Mais imaginez un instant si la magnétique performeuse, sexe-symbole des années 1940 et 1950, avait véritablement fait deux heures de route – pour éviter les règlements municipaux contraignants de Montréal – afin de livrer une prestation ici même, se frayant un chemin entre des groupes de quidams… hostiles.

C’est dans cet état d’esprit (un peu tordu, c’est vrai) que nous attendions l’entrée en scène de Marie-Pier Labrecque, qui incarne sur scène l’artiste américaine subversive ayant fait les beaux jours du Théâtre Gayety au milieu des années 1940 (là où se trouve le TNM aujourd’hui).

Le numéro d’ouverture donne le ton. Marie-Pier Labrecque emprunte les traits de l’effeuilleuse avec charisme, toujours en mode séduction, fait quelques clins d’œil au public et chante (avec un petit accent english) les paroles de Mélissa Cardona, mises en musique par Kevin Houle.

Mais rassurez-vous (ou protestez, c’est selon), il n’y aura point de quidam hostile, ni parfum à scandale, ni geste de provocation à Kingsey Falls – contrairement aux prestations de Lili St-Cyr à Montréal –, Benoît Landry optant ici pour un divertissement familial aux allures de comédie burlesque.

Ce qui n’empêche pas Marie-Pier Labrecque de livrer une jolie performance – incluant la scène du célèbre striptease inversé –, mais on aurait souhaité la voir interagir davantage avec le public, comme elle avait commencé à le faire dans la scène d’ouverture, le titiller un peu plus, créer de petits malaises…

On aurait également aimé voir plus de chorégraphies dans Lili St-Cyr, d’autant plus que le décor est assez minimal avec ces petites structures d’acier qui évoquent vaguement le centre-ville de Montréal.

Mystérieuse Lili

Dans le livret écrit par Mélissa Cardona, Lili St-Cyr est courtisée par les gérants du Théâtre Gayety et du Club El Morocco, Thomas Cloutier et Jimmy Orlando (Maxime Denommée et Stéphane Brulotte). Elle signera un contrat avec Gayety et aura une liaison avec Jimmy, un ancien joueur de hockey.

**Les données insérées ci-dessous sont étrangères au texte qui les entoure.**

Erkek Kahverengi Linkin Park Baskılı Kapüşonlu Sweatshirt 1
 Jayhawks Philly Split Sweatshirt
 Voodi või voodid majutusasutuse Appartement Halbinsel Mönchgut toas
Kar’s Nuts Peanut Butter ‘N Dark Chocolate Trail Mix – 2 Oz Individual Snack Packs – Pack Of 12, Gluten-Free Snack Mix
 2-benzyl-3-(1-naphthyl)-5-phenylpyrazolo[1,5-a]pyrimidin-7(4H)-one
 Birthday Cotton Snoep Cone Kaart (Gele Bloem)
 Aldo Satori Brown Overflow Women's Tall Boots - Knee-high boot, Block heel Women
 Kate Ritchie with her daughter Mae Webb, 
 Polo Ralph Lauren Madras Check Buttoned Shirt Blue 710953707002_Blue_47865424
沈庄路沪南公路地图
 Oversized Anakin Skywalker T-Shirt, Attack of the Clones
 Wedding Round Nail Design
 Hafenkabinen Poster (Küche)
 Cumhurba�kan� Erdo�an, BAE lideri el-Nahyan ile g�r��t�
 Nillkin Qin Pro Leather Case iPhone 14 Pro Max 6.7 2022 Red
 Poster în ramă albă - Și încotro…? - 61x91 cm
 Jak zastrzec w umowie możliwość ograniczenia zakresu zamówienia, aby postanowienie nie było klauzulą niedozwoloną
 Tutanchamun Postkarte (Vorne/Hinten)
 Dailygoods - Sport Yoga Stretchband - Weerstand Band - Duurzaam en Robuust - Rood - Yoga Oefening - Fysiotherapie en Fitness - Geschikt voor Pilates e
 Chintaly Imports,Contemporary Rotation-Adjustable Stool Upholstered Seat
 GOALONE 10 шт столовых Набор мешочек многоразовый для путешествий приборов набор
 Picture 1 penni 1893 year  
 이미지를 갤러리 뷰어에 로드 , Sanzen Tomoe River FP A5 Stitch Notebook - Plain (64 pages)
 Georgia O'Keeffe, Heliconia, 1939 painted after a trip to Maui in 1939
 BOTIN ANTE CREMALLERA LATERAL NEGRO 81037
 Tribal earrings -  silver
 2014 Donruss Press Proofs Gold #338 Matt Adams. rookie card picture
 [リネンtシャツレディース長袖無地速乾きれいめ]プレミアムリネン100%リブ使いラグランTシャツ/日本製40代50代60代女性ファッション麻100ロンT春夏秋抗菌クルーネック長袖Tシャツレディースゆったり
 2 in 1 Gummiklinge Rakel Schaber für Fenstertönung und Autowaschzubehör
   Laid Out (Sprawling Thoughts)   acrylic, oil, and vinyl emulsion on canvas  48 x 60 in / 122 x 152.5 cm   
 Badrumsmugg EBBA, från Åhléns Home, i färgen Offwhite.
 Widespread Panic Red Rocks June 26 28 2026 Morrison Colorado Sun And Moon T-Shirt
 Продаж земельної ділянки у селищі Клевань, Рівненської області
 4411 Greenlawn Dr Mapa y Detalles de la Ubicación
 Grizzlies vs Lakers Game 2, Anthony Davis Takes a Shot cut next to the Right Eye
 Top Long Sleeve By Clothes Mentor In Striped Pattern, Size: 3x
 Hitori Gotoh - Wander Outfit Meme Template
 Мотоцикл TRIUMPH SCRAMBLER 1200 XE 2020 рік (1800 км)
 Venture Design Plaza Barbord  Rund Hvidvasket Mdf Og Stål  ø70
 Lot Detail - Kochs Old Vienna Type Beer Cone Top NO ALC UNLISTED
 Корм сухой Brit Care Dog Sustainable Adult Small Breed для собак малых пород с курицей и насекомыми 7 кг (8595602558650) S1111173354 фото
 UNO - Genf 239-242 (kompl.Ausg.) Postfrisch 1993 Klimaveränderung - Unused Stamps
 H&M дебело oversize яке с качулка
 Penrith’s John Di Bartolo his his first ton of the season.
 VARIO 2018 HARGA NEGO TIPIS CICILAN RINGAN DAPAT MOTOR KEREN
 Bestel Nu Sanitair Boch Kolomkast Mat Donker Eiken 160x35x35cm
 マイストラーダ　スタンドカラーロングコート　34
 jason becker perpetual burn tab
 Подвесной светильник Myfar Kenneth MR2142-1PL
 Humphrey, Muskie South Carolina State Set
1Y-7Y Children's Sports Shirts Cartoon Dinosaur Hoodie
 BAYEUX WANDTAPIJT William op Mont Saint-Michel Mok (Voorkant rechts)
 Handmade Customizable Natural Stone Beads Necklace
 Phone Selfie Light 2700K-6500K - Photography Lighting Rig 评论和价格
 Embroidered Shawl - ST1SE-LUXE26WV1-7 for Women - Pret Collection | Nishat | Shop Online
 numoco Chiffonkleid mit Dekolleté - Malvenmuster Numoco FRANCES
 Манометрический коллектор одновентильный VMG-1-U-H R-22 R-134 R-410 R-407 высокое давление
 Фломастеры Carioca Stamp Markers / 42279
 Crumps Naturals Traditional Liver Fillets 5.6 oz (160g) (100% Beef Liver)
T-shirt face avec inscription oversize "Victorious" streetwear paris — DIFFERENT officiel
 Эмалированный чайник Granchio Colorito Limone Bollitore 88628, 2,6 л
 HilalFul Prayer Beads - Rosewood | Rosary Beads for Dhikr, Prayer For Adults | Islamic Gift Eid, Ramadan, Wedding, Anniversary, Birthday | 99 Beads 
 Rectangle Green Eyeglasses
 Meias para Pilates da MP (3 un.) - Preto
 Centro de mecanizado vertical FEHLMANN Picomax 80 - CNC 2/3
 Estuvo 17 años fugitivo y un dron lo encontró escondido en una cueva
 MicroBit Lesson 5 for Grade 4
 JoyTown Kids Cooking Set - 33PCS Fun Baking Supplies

Pour accueillir Lili St-Cyr sur la scène du Gayety, son gérant Thomas doit retirer de la marquise le nom de sa propre femme, Sophie (formidable Lunou Zucchini), qui chante du Édith Piaf…

Tout cela se passe à l’époque où Montréal, qui a échappé à la loi sur la prohibition et envoyé ses hommes au front, est une capitale du jeu, du sexe et de la drogue. Une conseillère municipale, Jessie Fisher (toujours excellente Kathleen Fortin), fera d’ailleurs campagne pour éradiquer le Red Light montréalais. Au grand dam de ces messieurs – avocats, policiers, journalistes, juges, etc. – qui apprécient le spectacle…

PHOTO HUGO B. LEFORT, FOURNIE PAR LE THÉÂTRE DES GRANDS CHÊNES

Lunou Zucchini, Maxime Denommée, Stéphane Brulotte, Roger La Rue et Kathleen Fortin complètent la distribution de Lili St-Cyr.

La conseillère fera adopter un règlement stipulant qu’un artiste ne peut quitter la scène avec moins de vêtements qu’en arrivant. Ce qui poussera Lili St-Cyr à faire un numéro de striptease inversé où elle apparaît nue dans un bain en début de prestation, puis s’habille progressivement. L’unique moment où les spectateurs de Kingsey Falls ont retenu leur souffle et rougi dans la pénombre.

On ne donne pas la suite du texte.